UPS announced on its Q2 earnings call this week that it was spending $175 million to increase its capacity during the holiday shopping season, including adding 50 new hub sorts at its existing facilities – bumping up capacity by 5% – and going from limited to full operations on Black Friday.
Last year, UPS, FedEx and Amazon took a lot of heat for their role in holiday shipping delays that led to many items arriving after Christmas. The carriers blamed the mess on weeks of bad weather, higher ecommerce demand and a shorter holiday shopping season. UPS and Amazon offered refunds to customers who didn’t get their packages on time.
“UPS is focused on staying ahead of the holiday shipment surge that starts during cyber week,” said COO and incoming CEO David Abney during the call with analysts and investors. “While this benefits the network by leveling volume fluctuations, it will drive additional operating costs.”
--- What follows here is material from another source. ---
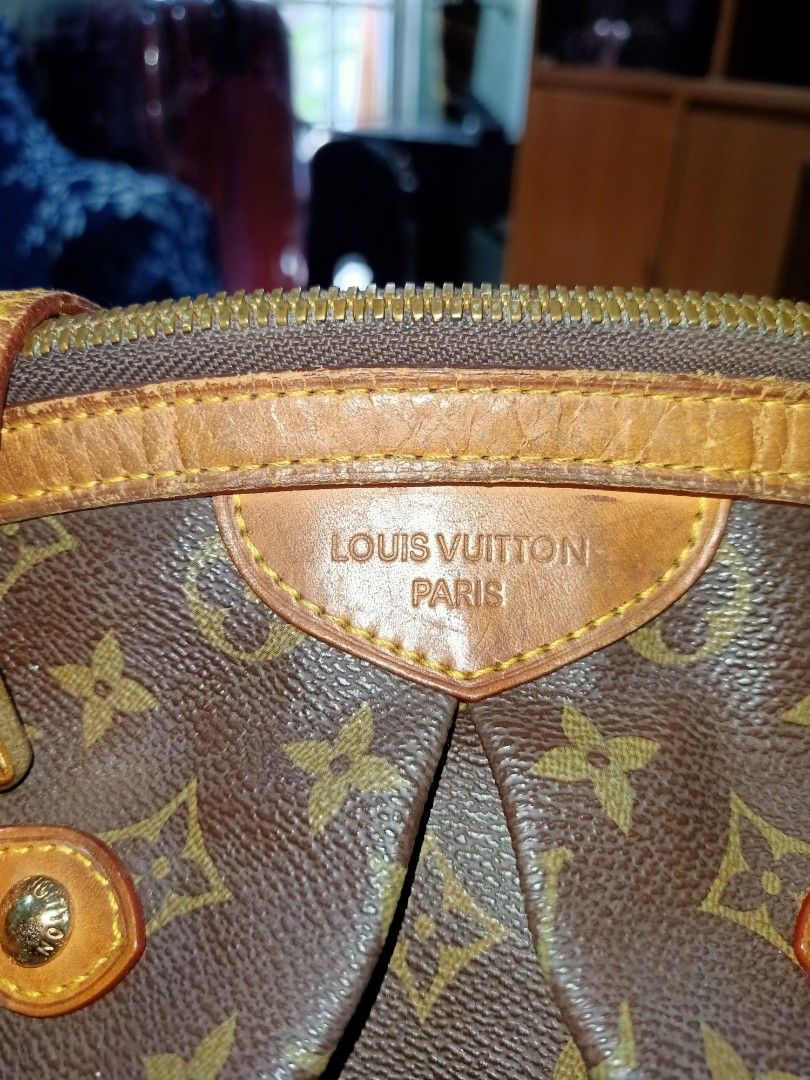 Louis Vuitton Monogram Tivoli GM (Category: Luxury Bags & Wallets) located in Talisay. Submitted by jades_closet.cebu (Listing ID 1254322611, Image 2). Description: This bag is well loved and has been with my mother for a long time. It has some parts that needs to be repaired, specifically the handles, but that's pretty much normal considering the fact that she's been using the bag. Also, you can actually use a twilly to cover the handles and nob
UPS CFO Kurt Kuehn said the $175 million cost of these ramp-up and implementation projects to increase holiday shipping capacity was $75 million higher than the company’s original estimates.
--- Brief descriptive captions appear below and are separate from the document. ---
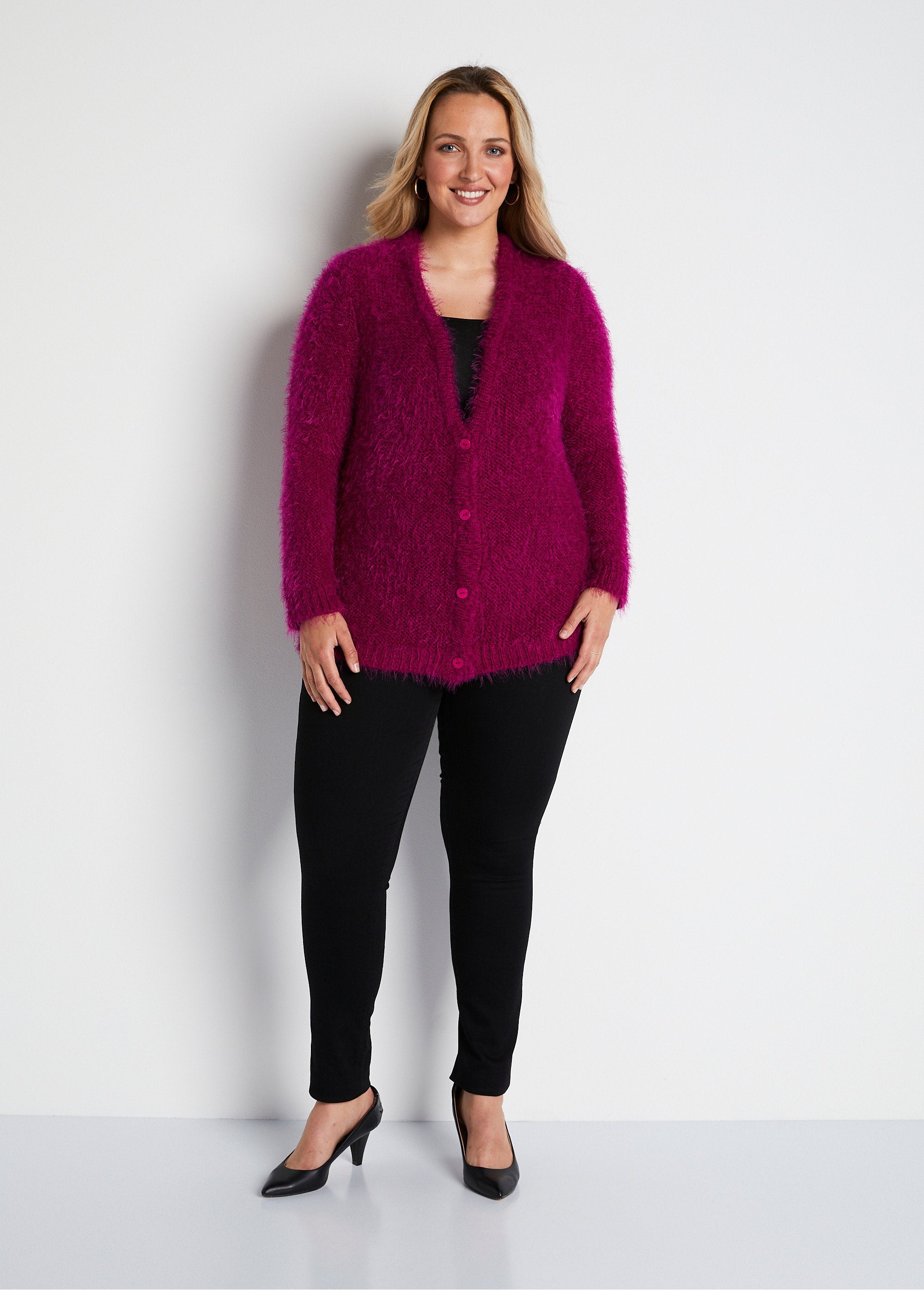 Soft_knit_mid-length_buttoned_cardigan_Fuchsia_SF1_curvy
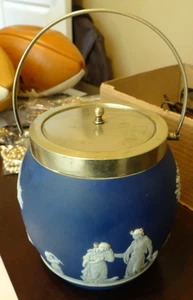 VINTAGE ESTATE WEDGWOOD BLUE JASPERWARE HANDLED BISCUIT BARREL JAR - Picture 1 of 12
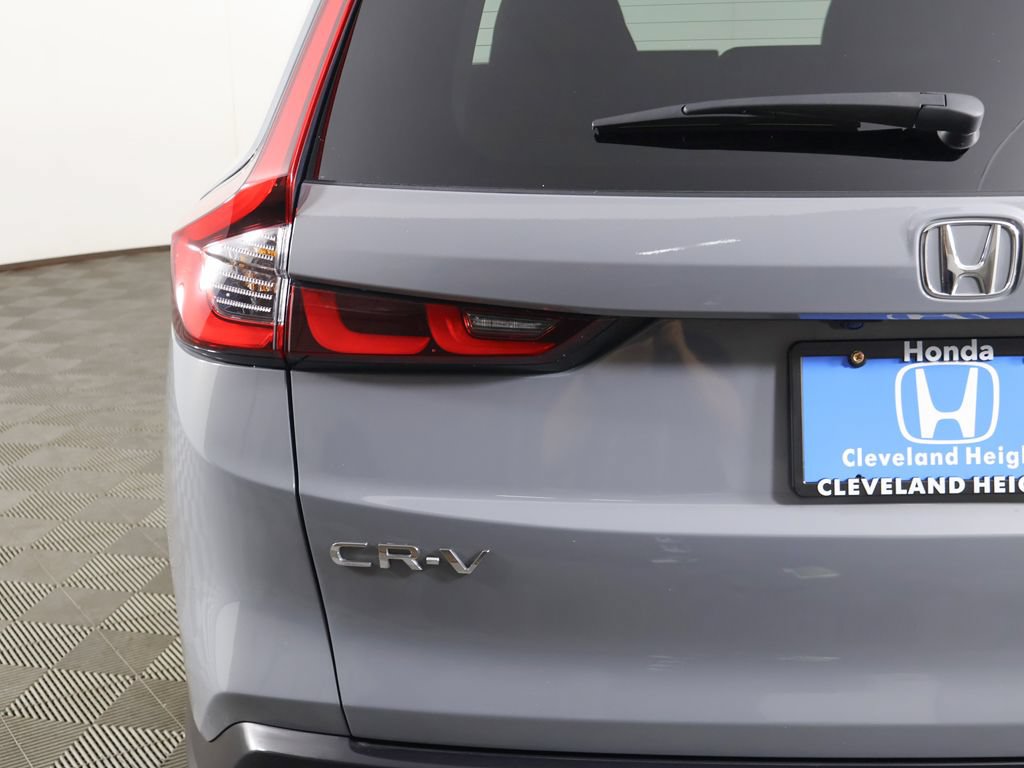 Used 2025 Honda CR-V EX image 15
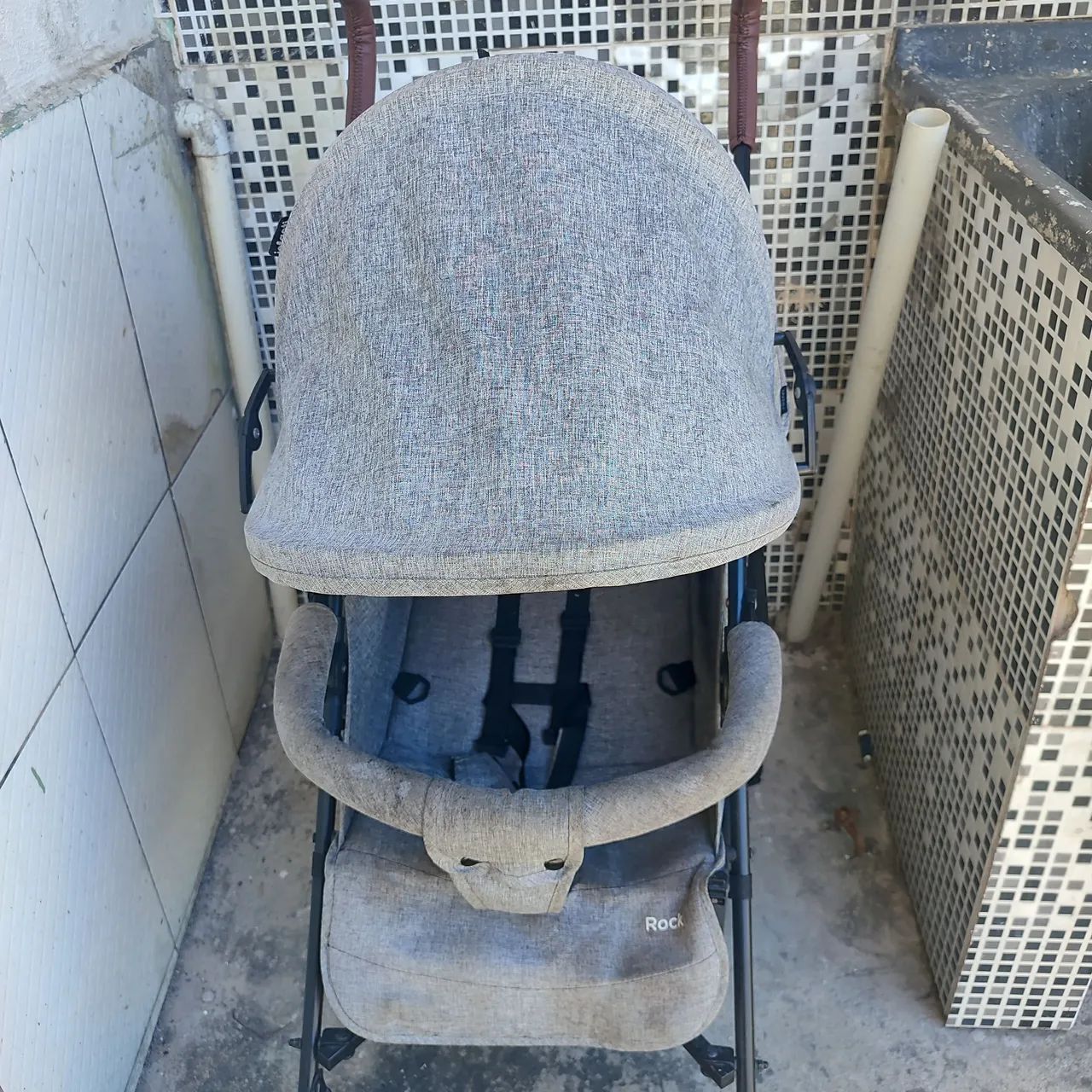 Carrinho de Bebê Infanti -  Leve e prático - Foto 2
“Over time (the moves) may generate more revenue but the real purpose is to smooth out operations,” Kuehn said. “So the majority of the change in the added expense is in the fourth quarter.”
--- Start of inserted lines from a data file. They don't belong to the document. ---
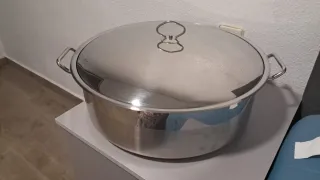 Olla grande de metal, nueva sin utilizar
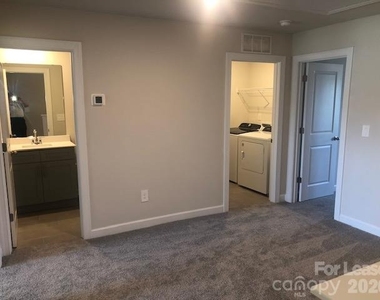 1802 Braemar Village Drive - Photo Thumbnail 20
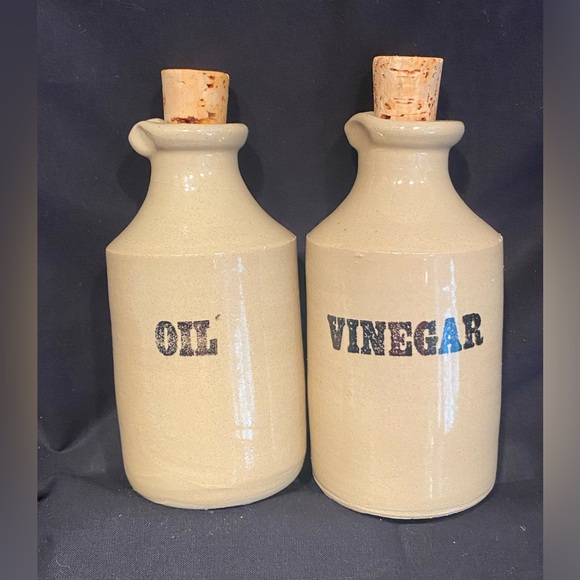 Oil and Vinegar set vintage Pearson‘s of Chesterfield stoneware pottery - Picture 1 of 13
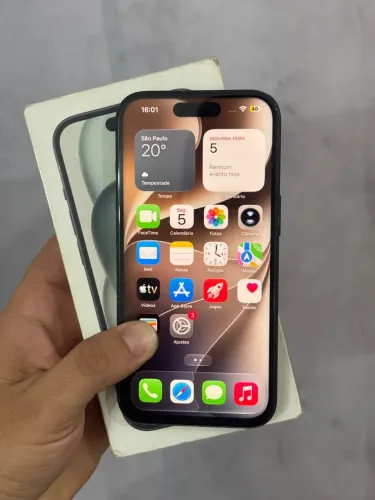 iPhone 15 128GB 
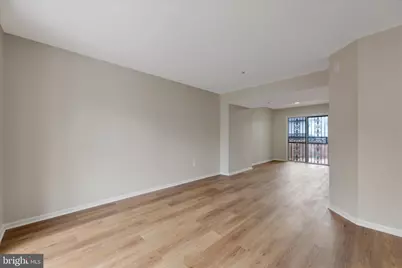 3209 W Glenreed Ct, Glenarden, MD 20706 - Photo 4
Asked about a recent request from the U.S. Postal Service for lower rates for businesses and other customers who use commercial plus and commercial base online shipping services, UPS Chairman and CEO D. Scott Davis said it’s not unusual to see competitors offer rate changes.
“The USPS though really does not offer the same level of service and capabilities that we do at UPS,” Davis said. “I think the technology is a differentiator, our integrated service offerings are a differentiator, and our guarantees are different.”
Regarding discussions with customers about adjusting their holiday shipping plans so more volume happens when the UPS network has more flexibility and capacity, Executive Vice President and Chief Commercial Officer Alan Gershenhorn said many of those talks center on customers’ omnichannel strategies. He said those discussions also include working with customers on special weekend operations.
“We’re working very closely with them … on whether or not they should be fulfilling from their DCs or fulfilling from their stores,” Gershenhorn said of the omnichannel piece. “And that certainly helps us manage their business better and also do it at a more effective cost.”
“One of the parts of our peak planning has been joint commitment sessions with our customers certainly focusing on the highest peak periods and making sure that we have capacity that’s needed,” Davis added. “And if there’s volume in excess of that, then there may well be a yield adjustment for that incremental volume.”